Dataset entries:
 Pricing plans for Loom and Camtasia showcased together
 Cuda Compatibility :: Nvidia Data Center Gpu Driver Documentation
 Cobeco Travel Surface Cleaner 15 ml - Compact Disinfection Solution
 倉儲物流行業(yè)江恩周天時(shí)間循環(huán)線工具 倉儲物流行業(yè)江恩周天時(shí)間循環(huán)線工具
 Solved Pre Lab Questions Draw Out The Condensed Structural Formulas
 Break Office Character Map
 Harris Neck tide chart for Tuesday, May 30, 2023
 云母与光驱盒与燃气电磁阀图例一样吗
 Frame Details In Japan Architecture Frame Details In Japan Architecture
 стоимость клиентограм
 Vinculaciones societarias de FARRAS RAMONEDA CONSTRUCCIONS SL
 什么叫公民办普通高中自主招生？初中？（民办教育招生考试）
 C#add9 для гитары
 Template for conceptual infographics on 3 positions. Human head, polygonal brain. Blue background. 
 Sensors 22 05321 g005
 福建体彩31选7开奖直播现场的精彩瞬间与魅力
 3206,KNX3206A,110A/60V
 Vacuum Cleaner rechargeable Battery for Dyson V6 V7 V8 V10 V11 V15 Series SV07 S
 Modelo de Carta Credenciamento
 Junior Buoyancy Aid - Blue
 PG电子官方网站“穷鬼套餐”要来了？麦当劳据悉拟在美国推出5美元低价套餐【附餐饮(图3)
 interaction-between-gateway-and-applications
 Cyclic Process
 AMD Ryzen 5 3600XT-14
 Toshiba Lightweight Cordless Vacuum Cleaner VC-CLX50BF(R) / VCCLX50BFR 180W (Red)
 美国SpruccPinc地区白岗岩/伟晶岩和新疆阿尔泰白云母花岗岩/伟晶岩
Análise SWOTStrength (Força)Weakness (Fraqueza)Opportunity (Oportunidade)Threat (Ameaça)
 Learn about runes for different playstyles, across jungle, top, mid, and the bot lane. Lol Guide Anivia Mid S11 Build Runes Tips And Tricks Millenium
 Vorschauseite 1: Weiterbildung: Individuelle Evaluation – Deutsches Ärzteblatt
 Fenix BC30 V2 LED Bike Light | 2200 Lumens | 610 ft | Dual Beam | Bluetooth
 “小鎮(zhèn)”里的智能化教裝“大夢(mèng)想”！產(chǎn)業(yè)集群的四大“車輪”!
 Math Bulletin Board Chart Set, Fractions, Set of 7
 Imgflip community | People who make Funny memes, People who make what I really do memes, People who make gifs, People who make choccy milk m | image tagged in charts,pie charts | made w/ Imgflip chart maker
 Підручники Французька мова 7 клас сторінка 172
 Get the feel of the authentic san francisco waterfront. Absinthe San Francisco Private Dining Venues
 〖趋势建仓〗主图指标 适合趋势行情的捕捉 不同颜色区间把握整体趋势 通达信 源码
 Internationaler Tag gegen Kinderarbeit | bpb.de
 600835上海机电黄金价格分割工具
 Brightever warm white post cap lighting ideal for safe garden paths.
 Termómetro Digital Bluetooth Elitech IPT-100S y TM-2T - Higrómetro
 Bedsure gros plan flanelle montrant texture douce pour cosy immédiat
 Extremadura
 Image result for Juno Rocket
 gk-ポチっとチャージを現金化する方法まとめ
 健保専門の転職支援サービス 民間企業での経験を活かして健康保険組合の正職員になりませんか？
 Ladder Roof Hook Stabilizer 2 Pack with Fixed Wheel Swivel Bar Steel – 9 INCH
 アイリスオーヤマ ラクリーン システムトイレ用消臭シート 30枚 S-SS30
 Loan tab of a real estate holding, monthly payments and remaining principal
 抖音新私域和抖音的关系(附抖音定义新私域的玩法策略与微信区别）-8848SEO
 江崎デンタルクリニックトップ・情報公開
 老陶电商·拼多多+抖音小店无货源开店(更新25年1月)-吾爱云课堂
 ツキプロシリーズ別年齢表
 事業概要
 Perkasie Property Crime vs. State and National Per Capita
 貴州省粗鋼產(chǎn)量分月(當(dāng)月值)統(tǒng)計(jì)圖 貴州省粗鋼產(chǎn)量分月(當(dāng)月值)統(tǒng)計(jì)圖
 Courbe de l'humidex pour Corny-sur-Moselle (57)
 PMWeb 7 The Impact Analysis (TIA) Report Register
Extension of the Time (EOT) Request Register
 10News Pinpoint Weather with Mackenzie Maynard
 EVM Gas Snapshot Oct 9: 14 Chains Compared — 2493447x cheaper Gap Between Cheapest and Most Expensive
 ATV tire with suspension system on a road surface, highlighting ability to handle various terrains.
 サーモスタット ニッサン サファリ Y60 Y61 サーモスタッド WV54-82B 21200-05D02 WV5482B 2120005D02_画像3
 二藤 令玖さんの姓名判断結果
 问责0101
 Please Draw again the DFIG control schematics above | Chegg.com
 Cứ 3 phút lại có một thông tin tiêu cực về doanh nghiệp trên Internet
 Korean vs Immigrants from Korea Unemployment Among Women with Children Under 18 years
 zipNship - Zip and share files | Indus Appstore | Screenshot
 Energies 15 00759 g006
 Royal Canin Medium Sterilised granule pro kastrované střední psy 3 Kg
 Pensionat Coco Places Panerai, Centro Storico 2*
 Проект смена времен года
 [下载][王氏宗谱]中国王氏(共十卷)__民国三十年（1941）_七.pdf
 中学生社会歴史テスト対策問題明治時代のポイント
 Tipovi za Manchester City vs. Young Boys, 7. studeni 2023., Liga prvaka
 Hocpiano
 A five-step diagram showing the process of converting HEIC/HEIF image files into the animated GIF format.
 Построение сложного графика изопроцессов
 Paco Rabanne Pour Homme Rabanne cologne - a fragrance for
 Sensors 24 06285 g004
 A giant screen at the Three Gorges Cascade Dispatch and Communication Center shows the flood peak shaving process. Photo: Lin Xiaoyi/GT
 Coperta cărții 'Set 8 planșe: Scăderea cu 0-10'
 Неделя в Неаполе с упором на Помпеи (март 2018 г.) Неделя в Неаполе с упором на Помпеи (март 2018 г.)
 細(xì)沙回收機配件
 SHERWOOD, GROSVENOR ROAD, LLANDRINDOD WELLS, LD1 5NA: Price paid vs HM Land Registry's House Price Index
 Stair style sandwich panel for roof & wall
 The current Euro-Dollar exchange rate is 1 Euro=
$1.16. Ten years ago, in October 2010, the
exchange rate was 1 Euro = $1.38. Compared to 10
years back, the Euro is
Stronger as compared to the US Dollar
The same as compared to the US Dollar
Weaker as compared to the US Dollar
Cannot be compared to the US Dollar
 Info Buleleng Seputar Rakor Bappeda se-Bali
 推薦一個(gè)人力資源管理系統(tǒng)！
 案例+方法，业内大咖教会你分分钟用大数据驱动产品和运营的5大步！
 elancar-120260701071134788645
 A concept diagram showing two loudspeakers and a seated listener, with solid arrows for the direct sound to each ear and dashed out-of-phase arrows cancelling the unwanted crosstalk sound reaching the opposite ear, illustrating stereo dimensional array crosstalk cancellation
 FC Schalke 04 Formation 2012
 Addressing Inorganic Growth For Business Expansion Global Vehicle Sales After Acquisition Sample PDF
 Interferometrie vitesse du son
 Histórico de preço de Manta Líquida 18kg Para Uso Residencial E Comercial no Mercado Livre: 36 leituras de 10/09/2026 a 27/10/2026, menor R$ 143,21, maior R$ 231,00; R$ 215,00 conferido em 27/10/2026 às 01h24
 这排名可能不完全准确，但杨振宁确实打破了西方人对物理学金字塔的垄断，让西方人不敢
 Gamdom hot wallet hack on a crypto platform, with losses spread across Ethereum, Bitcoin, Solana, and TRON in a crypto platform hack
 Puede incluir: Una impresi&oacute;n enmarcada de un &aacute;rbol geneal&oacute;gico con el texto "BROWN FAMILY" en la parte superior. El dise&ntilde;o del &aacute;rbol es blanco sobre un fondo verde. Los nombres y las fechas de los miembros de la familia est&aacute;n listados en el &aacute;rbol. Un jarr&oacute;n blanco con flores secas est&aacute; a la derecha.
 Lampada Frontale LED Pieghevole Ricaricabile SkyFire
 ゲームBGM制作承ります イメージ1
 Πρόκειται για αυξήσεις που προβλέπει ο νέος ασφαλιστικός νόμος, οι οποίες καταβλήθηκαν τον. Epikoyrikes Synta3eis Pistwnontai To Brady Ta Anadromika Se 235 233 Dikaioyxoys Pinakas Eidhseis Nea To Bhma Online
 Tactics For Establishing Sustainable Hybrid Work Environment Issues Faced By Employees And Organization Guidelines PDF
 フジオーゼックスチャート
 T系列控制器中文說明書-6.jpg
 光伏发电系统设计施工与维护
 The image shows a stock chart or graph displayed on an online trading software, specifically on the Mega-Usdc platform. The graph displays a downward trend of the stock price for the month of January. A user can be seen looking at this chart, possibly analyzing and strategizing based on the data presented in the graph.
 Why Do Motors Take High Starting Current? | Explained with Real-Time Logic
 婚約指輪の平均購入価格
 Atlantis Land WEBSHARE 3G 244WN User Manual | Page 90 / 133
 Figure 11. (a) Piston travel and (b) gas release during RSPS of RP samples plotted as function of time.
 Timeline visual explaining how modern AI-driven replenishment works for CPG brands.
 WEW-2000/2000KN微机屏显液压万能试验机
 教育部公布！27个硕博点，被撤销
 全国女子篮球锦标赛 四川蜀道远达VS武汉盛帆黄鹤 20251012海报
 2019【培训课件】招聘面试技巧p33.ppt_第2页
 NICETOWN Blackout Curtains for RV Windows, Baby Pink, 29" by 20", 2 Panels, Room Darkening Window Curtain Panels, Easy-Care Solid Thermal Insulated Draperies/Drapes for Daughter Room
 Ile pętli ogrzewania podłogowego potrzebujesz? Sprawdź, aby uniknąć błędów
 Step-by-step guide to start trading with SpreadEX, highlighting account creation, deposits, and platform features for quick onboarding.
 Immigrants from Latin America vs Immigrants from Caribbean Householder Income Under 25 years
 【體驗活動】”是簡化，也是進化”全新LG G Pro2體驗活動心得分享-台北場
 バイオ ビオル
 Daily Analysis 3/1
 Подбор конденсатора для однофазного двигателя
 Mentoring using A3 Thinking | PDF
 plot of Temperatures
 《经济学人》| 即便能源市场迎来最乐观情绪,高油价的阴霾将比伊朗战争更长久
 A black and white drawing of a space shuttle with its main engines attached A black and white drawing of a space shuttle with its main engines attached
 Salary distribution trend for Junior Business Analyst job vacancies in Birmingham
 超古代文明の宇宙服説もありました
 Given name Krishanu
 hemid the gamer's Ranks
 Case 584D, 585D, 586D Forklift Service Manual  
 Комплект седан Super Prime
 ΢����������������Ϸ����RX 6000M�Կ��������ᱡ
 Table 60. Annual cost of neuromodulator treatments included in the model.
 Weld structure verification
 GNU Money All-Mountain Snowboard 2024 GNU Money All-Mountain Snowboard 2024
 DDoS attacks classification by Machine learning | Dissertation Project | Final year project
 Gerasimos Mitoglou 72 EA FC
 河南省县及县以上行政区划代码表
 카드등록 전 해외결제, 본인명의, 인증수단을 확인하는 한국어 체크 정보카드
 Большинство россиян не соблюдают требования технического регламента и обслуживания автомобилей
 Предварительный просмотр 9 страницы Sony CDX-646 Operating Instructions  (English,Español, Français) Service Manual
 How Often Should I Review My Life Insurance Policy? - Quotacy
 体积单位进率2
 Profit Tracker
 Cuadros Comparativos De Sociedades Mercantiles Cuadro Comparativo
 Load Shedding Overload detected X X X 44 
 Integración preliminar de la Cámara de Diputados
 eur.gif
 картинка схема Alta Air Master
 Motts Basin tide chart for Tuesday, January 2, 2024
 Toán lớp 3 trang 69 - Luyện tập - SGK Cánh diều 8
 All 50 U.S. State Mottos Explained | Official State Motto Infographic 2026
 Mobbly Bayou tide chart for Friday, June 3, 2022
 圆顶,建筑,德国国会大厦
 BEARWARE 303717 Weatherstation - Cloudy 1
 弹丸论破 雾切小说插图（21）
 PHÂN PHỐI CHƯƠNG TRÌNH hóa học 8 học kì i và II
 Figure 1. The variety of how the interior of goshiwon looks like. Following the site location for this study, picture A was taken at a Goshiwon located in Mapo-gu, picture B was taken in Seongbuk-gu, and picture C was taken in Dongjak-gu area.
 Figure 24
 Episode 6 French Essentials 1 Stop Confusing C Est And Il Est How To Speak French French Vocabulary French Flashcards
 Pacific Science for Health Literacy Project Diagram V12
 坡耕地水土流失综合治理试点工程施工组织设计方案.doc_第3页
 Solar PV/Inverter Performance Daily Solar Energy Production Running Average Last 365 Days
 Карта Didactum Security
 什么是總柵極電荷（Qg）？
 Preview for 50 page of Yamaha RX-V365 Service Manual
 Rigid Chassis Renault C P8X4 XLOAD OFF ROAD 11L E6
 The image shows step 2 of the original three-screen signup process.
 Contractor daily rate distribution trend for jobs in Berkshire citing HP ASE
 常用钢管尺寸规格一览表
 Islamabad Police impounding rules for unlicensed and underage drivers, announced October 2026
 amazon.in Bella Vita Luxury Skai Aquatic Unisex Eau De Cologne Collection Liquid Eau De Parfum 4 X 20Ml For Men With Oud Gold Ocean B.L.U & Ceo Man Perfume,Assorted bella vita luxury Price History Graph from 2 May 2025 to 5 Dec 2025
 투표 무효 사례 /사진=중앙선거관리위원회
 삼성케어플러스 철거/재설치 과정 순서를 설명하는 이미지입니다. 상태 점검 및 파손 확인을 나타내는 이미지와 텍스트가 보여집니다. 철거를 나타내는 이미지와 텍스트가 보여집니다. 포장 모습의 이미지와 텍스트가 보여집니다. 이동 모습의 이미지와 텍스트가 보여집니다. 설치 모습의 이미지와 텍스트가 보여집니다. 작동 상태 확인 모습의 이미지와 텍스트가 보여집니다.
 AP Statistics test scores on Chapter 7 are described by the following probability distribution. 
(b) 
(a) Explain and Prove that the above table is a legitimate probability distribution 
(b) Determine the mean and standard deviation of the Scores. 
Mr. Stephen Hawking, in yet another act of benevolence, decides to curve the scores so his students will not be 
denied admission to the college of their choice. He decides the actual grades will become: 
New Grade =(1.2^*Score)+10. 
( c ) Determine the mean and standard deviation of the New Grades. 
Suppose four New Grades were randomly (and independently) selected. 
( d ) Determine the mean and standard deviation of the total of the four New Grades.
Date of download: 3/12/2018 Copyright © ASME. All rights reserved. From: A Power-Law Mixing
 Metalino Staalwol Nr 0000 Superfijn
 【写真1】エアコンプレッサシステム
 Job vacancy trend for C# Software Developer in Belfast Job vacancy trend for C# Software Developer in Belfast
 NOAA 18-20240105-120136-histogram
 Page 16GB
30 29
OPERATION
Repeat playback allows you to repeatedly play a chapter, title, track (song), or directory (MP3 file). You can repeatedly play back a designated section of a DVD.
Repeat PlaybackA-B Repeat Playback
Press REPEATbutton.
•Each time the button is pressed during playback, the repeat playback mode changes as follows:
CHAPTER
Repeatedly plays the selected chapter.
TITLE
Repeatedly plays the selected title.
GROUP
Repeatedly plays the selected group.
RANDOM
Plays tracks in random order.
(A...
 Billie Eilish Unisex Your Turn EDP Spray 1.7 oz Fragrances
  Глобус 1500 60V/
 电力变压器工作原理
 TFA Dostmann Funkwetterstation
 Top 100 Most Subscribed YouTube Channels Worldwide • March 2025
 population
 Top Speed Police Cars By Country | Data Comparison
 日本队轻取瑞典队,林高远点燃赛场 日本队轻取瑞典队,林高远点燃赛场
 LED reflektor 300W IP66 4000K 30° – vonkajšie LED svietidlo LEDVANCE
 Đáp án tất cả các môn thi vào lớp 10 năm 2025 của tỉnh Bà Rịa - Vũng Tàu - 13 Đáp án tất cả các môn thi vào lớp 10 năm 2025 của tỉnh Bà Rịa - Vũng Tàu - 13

Action item: Repeat, word for word, the lines from the start of the records to the line that contains "600835上海机电黄金价格分割工具", both of them included, and no others.

Answer for this exercise:
 Pricing plans for Loom and Camtasia showcased together
 Cuda Compatibility :: Nvidia Data Center Gpu Driver Documentation
 Cobeco Travel Surface Cleaner 15 ml - Compact Disinfection Solution
 倉儲物流行業(yè)江恩周天時(shí)間循環(huán)線工具 倉儲物流行業(yè)江恩周天時(shí)間循環(huán)線工具
 Solved Pre Lab Questions Draw Out The Condensed Structural Formulas
 Break Office Character Map
 Harris Neck tide chart for Tuesday, May 30, 2023
 云母与光驱盒与燃气电磁阀图例一样吗
 Frame Details In Japan Architecture Frame Details In Japan Architecture
 стоимость клиентограм
 Vinculaciones societarias de FARRAS RAMONEDA CONSTRUCCIONS SL
 什么叫公民办普通高中自主招生？初中？（民办教育招生考试）
 C#add9 для гитары
 Template for conceptual infographics on 3 positions. Human head, polygonal brain. Blue background. 
 Sensors 22 05321 g005
 福建体彩31选7开奖直播现场的精彩瞬间与魅力
 3206,KNX3206A,110A/60V
 Vacuum Cleaner rechargeable Battery for Dyson V6 V7 V8 V10 V11 V15 Series SV07 S
 Modelo de Carta Credenciamento
 Junior Buoyancy Aid - Blue
 PG电子官方网站“穷鬼套餐”要来了？麦当劳据悉拟在美国推出5美元低价套餐【附餐饮(图3)
 interaction-between-gateway-and-applications
 Cyclic Process
 AMD Ryzen 5 3600XT-14
 Toshiba Lightweight Cordless Vacuum Cleaner VC-CLX50BF(R) / VCCLX50BFR 180W (Red)
 美国SpruccPinc地区白岗岩/伟晶岩和新疆阿尔泰白云母花岗岩/伟晶岩
Análise SWOTStrength (Força)Weakness (Fraqueza)Opportunity (Oportunidade)Threat (Ameaça)
 Learn about runes for different playstyles, across jungle, top, mid, and the bot lane. Lol Guide Anivia Mid S11 Build Runes Tips And Tricks Millenium
 Vorschauseite 1: Weiterbildung: Individuelle Evaluation – Deutsches Ärzteblatt
 Fenix BC30 V2 LED Bike Light | 2200 Lumens | 610 ft | Dual Beam | Bluetooth
 “小鎮(zhèn)”里的智能化教裝“大夢(mèng)想”！產(chǎn)業(yè)集群的四大“車輪”!
 Math Bulletin Board Chart Set, Fractions, Set of 7
 Imgflip community | People who make Funny memes, People who make what I really do memes, People who make gifs, People who make choccy milk m | image tagged in charts,pie charts | made w/ Imgflip chart maker
 Підручники Французька мова 7 клас сторінка 172
 Get the feel of the authentic san francisco waterfront. Absinthe San Francisco Private Dining Venues
 〖趋势建仓〗主图指标 适合趋势行情的捕捉 不同颜色区间把握整体趋势 通达信 源码
 Internationaler Tag gegen Kinderarbeit | bpb.de
 600835上海机电黄金价格分割工具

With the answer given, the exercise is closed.